Take this last assumption. I’m by no means an expert, but I find it unconvincing. With unprotected ENT surgeons and ophthalmologists like my wife and others working very close to people’s faces apparently highly represented in “healthy people” deaths, is it really a correct assumption that a huge initial dose of virus gives you no worse a chance of a very bad infection than an initial dose just large enough to get you infected at all? If using binary assumptions “infected” or “not infected” in the models is wrong, the predictions will probably be badly wrong too. For example, it may not be so dangerous to have people slightly infected—even positive if it can build up immunity with low risk—but you definitely don’t want any possibility of a big group of infected people together. Or someone infected pushing virus down someone else repeatedly for a long time. But places where you’d only get mild exposure might be OK, at least for healthy people. I am not in any way saying I know if this is the case; I’m merely trying to point out how just one key assumption error (which seems plausible) could drown out otherwise careful maths. Worse if the assumption taken doesn’t easily sit with the public’s “common-sense” as you could argue my binary viral load bugbear one doesn’t, and it proves wrong, this it terrible marketing for belief in reasonable maths against the anti-science unenlightenment cohort.
There’s an even broader issue, of what we’re trying to achieve or optimise…meshed with what’s even possible? Is it containment, keeping under intensive care capacity in our hospitals, slowing the spread in the hope that treatment or vaccine will come along before more get infected, or natural herd immunity. Again, sometimes there’s been clarity and honesty, which the maths can hope to enumerate into actions to take—like reducing cases so as not to overwhelm UK NHS capacity—sometimes there isn’t.
These steps of sceptical and honest definition, abstraction, computation and interpretation are key to running the maths or computational process to inform better decisions, not overclaim its abilities. These are the very same steps that I believe it’s so vital we thoroughly educate our populations in understanding.
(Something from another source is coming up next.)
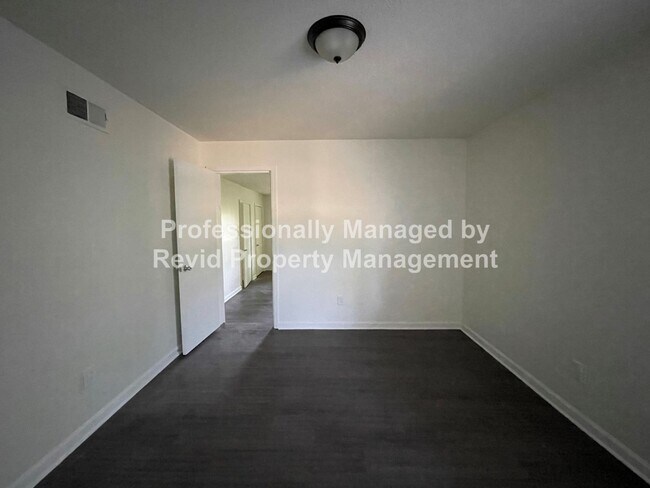 Building Photo - SECTION 8 ACCEPTED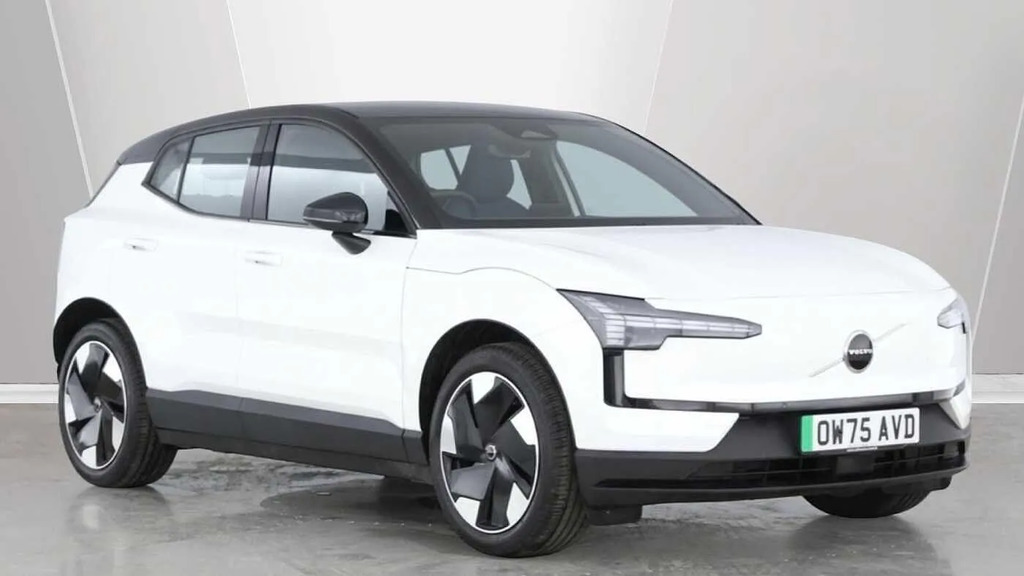 Volvo EX30 Twin Performance 69Kwh Plus Awd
My colleague Dan Robinson’s blogpost Tackling a Pandemic: A Computer-Based Maths Approach sketches out how they are being applied to COVID-19. They are the bedrock of acquiring computational literacy, as well as expert computational thinking—what I see as the AI age’s key building block for mass education, much as literacy has so successfully been over the last century. This education at the very minimum offers some immunity against computational misinformation.
These are key themes in my forthcoming book “The Math(s) Fix: Education Blueprint for the AI age” alongside proposals and plans for a fundamentally new mainstream maths education solution. It is only with this change that we can expect our populations to have judgements that allow them to better set or interpret rules, understand risks and for us all, collectively to avoid greater meltdown. No time like now to see its importance.
The jury will soon be out on COVID-19’s mathematical modelling. Before our populations retire to consider their verdicts, let’s put the case for computational enlightenment and its education not anti-science fundamentalism. Let’s use this shock to the system to reform the educational system, starting today.